American paleontologist George Gaylord Simpson (1953) in an attack on orthogenesis described it as "the mysterious inner force". Classic proponents of orthogenesis rejected the theory of natural selection as the organizing mechanism in evolution for a rectilinear model of directed evolution. The term orthogenesis was popularized by Theodor Eimer.

With the emergence of the modern evolutionary synthesis, in which the genetic mechanisms of evolution were discovered, the hypothesis of orthogenesis was refuted, especially with Ronald Fisher's argument in his 1930 book The Genetical Theory of Natural Selection in favour of particulate inheritance.

Orthogenesis was a term first used by the biologist Wilhelm Haacke in 1893.Theodor Eimer was the first to give the word a definition; he defined orthogenesis as "the general law according to which evolutionary development takes place in a noticeable direction, above all in specialized groups."

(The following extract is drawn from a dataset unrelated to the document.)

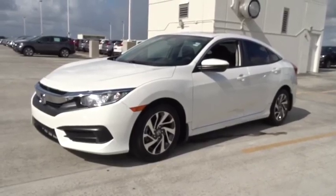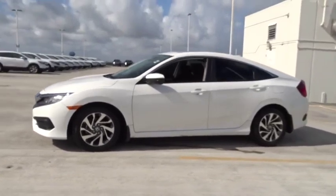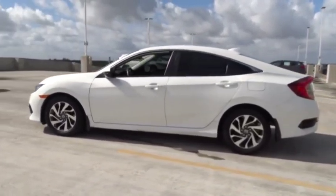You are going to love this 2018 Honda Civic. Honda Civic — practical, awesome gas mileage, and incredibly reliable.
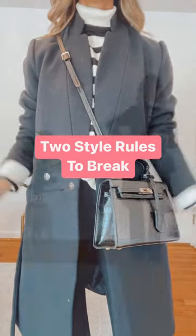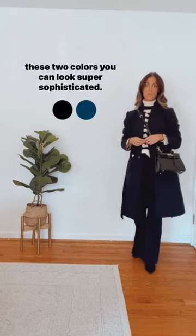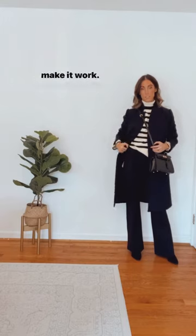Two style rules to break. Number one: wearing black and navy. By strategically pairing these two colors, you can look super sophisticated. Try matching two out of the three colors in your outfit to make it work.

In 1922, the zoologist Michael F. Guyer wrote:

[Orthogenesis] has meant many different things to many different people, ranging from a, mystical inner perfecting principle, to merely a general trend in development due to the natural constitutional restrictions of the germinal materials, or to the physical limitations imposed by a narrow environment. In most modern statements of the theory, the idea of continuous and progressive change in one or more characters, due according to some to internal factors, according to others to external causes-evolution in a "straight line" seems to be the central idea.